VICE interview with Crispin Glover - YouTube
(注. このインタビューはカナザワ映画祭とは関係ありません)

”It is Fine! EVERYTHING IS FINE.”上映後 Q&Aとトークショウ
 カナザワ映画祭2016 9/24(土) ”It is Fine! EVERYTHING IS FINE.”上映の後の、クリスピン・グローヴァートークショーについてレポートします。
 通訳を務められた特殊翻訳家 柳下毅一郎による言葉をその場でメモさせて頂きました。早いスピードで語られるクリスピン/柳下氏の言葉を聞き違えている所もあると思うので文責はBP@究極映像研です。

 今回は全文クリスピン・グローヴァーの語った内容。僕の感想は次回"What is it?"のトークショウレポートで書きたいと思う。

 このトークは、映画が23:30に終了し、その後、延々2時間に渡ってクリスピンが精力的にAM1:30まで語り続けたものである。遅くまで対応されたスタッフと柳下毅一郎に、貴重な機会をいただき感謝したいと思います。

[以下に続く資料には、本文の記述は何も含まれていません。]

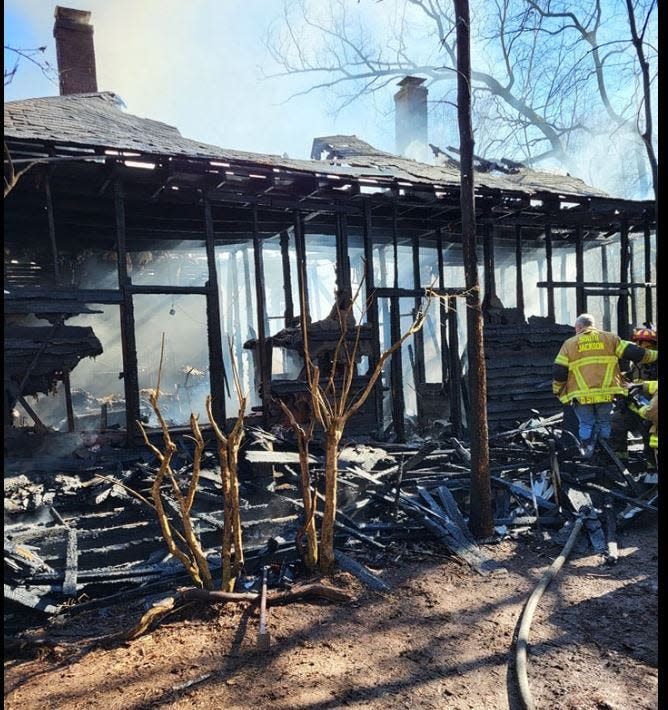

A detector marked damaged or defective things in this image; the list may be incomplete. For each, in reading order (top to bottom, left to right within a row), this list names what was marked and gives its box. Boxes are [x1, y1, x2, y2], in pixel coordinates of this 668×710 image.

charred porch post [113, 179, 141, 440]
charred porch post [202, 197, 226, 426]
charred porch post [252, 203, 270, 426]
burnt wall framing [1, 140, 656, 440]
burned house [2, 6, 656, 444]
charred porch post [362, 203, 384, 432]
charred porch post [616, 221, 632, 340]
burnt debris pile [2, 412, 656, 636]
pile of burnt wood [3, 414, 656, 632] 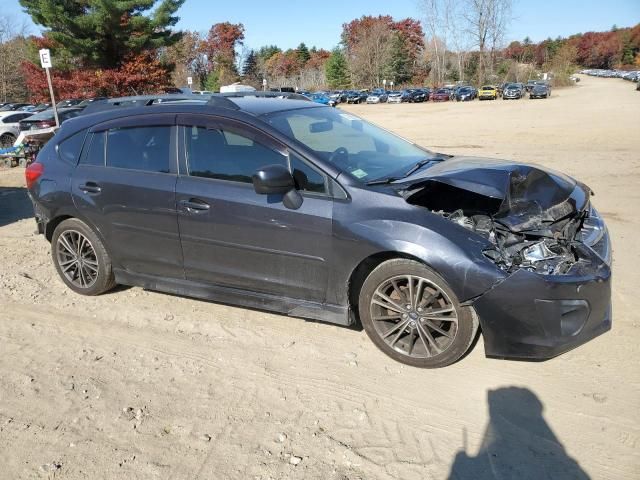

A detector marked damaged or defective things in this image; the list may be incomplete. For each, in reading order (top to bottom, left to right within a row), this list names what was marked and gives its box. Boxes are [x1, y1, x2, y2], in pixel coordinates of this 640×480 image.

crumpled hood [402, 157, 592, 233]
damaged front end [404, 158, 608, 276]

✳︎以下で使用した画像はクリスピンの著作等の表紙画。文末にそれらのAmazon(日本と米国)へのリンクを掲載しました。

◆10年間の非痛な養老院生活
 まず映画の理解を深めるためにということで、本作の脚本と主演のスティーブン・C・スチュワートについて語りはじめた。

 彼はポリオでなく麻痺が続く難病。20歳で母が亡くなり養老院:ナーシングホームへ入れられる。
 彼がしゃべる言葉は、誰も理解できない。ただ一人だけは全部理解している人がいたが、それ以外の人には自分の意志をわかってもらえなかった。これを表わすために、スティーブンの会話は、映画の字幕で全て「×××」と表現されていた。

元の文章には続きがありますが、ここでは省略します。